An excellent post in Economix draws attention to the critical role of extraneous, human behaviour-related factors in deciding outcomes in public administration. It points to a recent paper by Shai Danzigera, Jonathan Levavb and Liora Avnaim-Pessoa who analysed the changes in the nature of decision-making by eight experienced parole judges in Israel during a court session.
They examined more than 1,000 rulings made by them in 2009 found that the probability of favorable decisions declined dramatically as the session progressed. They write,
"Are judicial rulings based solely on laws and facts? Legal formalism holds that judges apply legal reasons to the facts of a case in a rational, mechanical, and deliberative manner. In contrast, legal realists argue that the rational application of legal reasons does not sufficiently explain the decisions of judges and that psychological, political, and social factors influence judicial rulings. We test the common caricature of realism that justice is “what the judge ate for breakfast” in sequential parole decisions made by experienced judges. We record the judges’ two daily food breaks, which result in segmenting the deliberations of the day into three distinct “decision sessions.” We find that the percentage of favorable rulings drops gradually from ≈65% to nearly zero within each decision session and returns abruptly to ≈65% after a break. Our findings suggest that judicial rulings can be swayed by extraneous variables that should have no bearing on legal decisions."
A Guardian report quotes one of the authors, Jonathan Levav,
"You are anywhere between two and six times as likely to be released if you're one of the first three prisoners considered versus the last three prisoners considered."
This finding resonates with studies elsewhere and in other areas. Behavioural economists like Dan Ariely have found that making successive decisions depletes a limited mental facility. As people get tired, they look for shortcuts, and one of the easiest shortcuts is to uphold the status quo – in this case, denying parole. As the Economix report writes about its implications elsewhere,
"This suggests that college admissions committees are more likely to accept the first applicants they consider after a lunch break. Or that quality-control officers may be more likely to ignore possible flaws in products as a long day drags toward its close."
As the Economix post argues, while food and rest are imperfect solutions to overcome mental fatigue related problems, checklists may be more effective in addressing them. In fact, Prof Levab points to the extensive use of checklists by professionals like pilots as an acknowledgement of the reality of mental fatigue.
Update 1 (7/6/2011)
The idea of depletable self-control - that an individual’s capacity for exerting willpower was finite (or exerting willpower in one area makes us less able to exert it in other areas) has been gaining currency in recent years. In 1998, researchers at Case Western Reserve University published some of the young movement’s first returns. Roy Baumeister, Ellen Bratslavsky, Mark Muraven, and Dianne Tice set up a simple experiment. They had food-deprived subjects sit at a table with two types of food on it: cookies and chocolates; and radishes. Some of the subjects were instructed to eat radishes and resist the sweets, and afterwards all were put to work on unsolvable geometric puzzles. Resisting the sweets, independent of mood, made participants give up more than twice as quickly on the geometric puzzles. Resisting temptation, the researchers found, seemed to have "produced a 'psychic cost'".
Over the intervening 13 years, these results have been corroborated in more than 100 experiments. Researchers have found that exerting self-control on an initial task impaired self-control on subsequent tasks - consumers became more susceptible to tempting products; chronic dieters overate; people were more likely to lie for monetary gain; and so on.
In addition to self-control decisions, researchers have found the same problem with tradeoff decisions - where w resolve conflicts among choices as rationally as possible. Any decision that requires tradeoffs - like choosing between more money and more leisure time - require the same conflict resolution as self-control decisions and seems to deplete our ability to muster willpower for future decisions.

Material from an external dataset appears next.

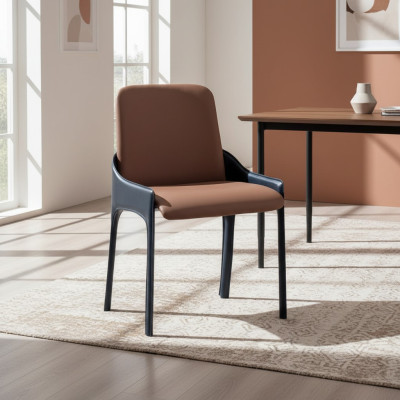 Sedia da pranzo marrone elegante poltrona monoposto di lusso.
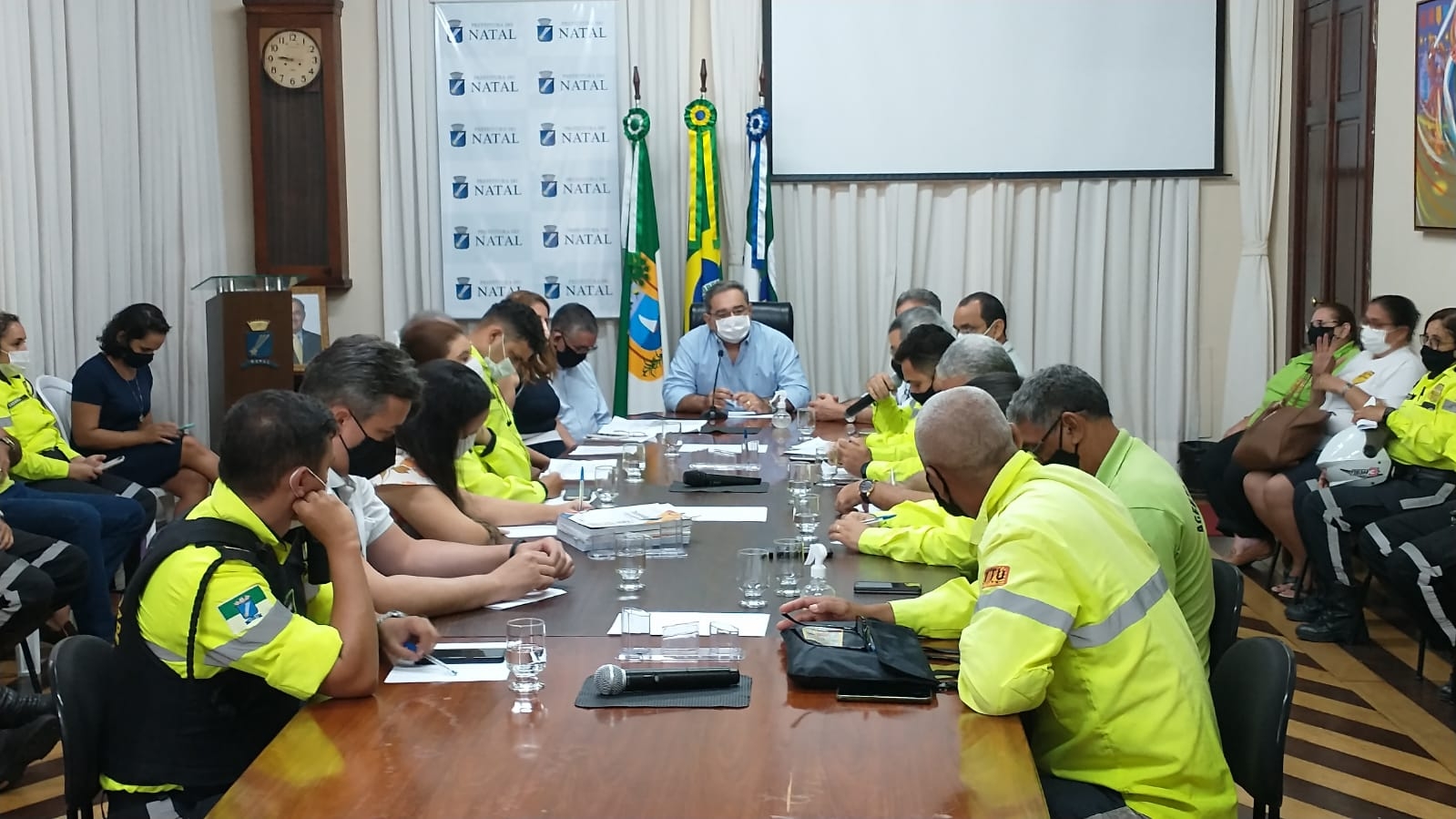 Prefeito recebe comissão de agentes de trânsito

Princeton economist Dan Spears has found that such self-control and trade-off decisions are more pervasive for poor people, with the result that they make a large number of sub-optimal subsequent decisions. For example, if you have enough money, deciding whether to buy the soap only requires considering whether you want it, not what you might have to give up to get it. However, many of the tradeoff decisions that the poor have to make every day are onerous and depressing - whether to pay rent or buy food; to buy medicine or winter clothes; to pay for school materials or loan money to a relative - are weighty, and just thinking about them seems to exact a mental cost.
Mullainathan and Banerjee too found that given their scarce incomes, the same self-control or trade-off decision problem is more consequential for the poor than the rich. These findings bring in a new dimension to poverty - "poverty doesn’t simply reduce freedom by constraining an individual’s choices, but that it may actually alter the nature of freedom by reducing an individual’s willpower".